The Ku Klux Klan and the Citizens Council, working to halt any more blacks from registering to vote, pressured the county officials into stopping food distribution and locking up the commodities, in the first place.

This institution prolonged in the Delta as late as 1966, agreeing to Sovereignty Commission records and oral histories. Yet, Sovereignty Commission records show prolonged attempts by white leaders to "prove" there was no starvation in the Delta.

As starvation worsened and word of the food cabal moved outside of Mississippi, two black students from Michigan State University, Ivanhoe Donaldson and Ben Taylor, tried to bring a pickup truck filled with food and clothing into Greenwood in December of 1962, engaging the Leflore County supervisors "strike" against federal assistance to poor people.

Coahoma County officers said the truck's medical supplies - bandages and aspirin - were hazardous contraband and arrested the Michigan visitors. Police impounded the truck and locked the two in the city jail. The Michigan men were terrified and after any days were ultimately able to slip a note to Aaron Henry, who arranged for their bail.

(They were lucky. Six months earlier, attorney Bill Higgs was arrested in Coahoma County for driving an integrated vehicle. While in his cell, Higgs ran into an "overlooked" black relaxation Rider from California who was languishing in the Clarksdale jail.

Law learner Dewey Peterson had been arrested during the summer of 1961 as he tried to consolidate the city's bus depot. He was held incommunicado in Clarksdale for nearly a year before Higgs found him, by chance. The black Mississippi attorney was able to get Peterson bailed out. )

The county's attempt to use starvation against blacks unexpectedly helped Cofo and Sncc come to be entrenched in the area, attracting more supporters among local blacks, particularly after November, when a black child died of starvation.

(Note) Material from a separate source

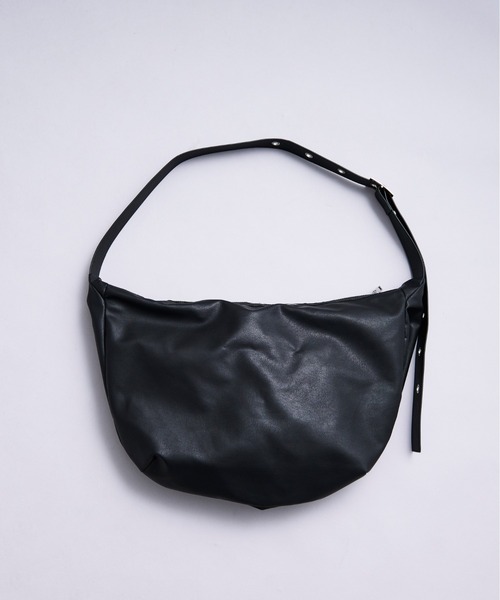   ブラックショルダーバッグ tk.TAKEO KIKUCHI ショルダーバッグ バッグ バイカラースクエア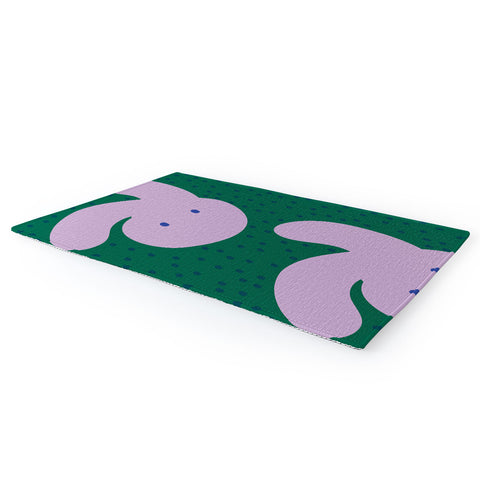 Camilla Foss Pebbles and Rabbit Area Rug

As Justice branch lawyers and reporters came in and toured the county, urged to do so by Cofo, they found "shocking health conditions and dire shortages of milk and other staples in black homes."

In a letter that Moses wrote to a friend back home, he told of finishing a bowl of soup and finding a "black, leathery hand reach over from behind him and fumble for a remnant of the meal."

National interest was aided by Harry Belafonte, who responded with a relief concert in New York City, and Dick Gregory, who chartered a plane to personally deliver emergency rations to Greenwood.

Recognition from the outside brought new optimism among Sncc workers, who worked longer days at bigger risks. Milton Hancock, a black Greenwood cab driver who hauled colse to relaxation workers for free, was stopped by a deputy on a traffic violation and told to get out of town - "You know what happened to Emmett Till!" he was warned.

A few months later, Sncc gave out four tons of food in just one day - a record. Then four black-owned businesses in Greenwood were firebombed. Sam Block, an early voting ownership advocate from the Mississippi Delta, was giving a press consulation on the smoldering ruins when he was arrested and charged with "inciting a riot."

Five days later, one hundred workers and supporters marched on Greenwood City Hall in protest, a bold demonstration for the times, stunning both white and black communities.

(Excerpt from "Where Rebels Roost, Mississippi Civil ownership Revisited," by Susan Klopfer. Photo: The Leflore County justice building in Greenwood, Mississippi.)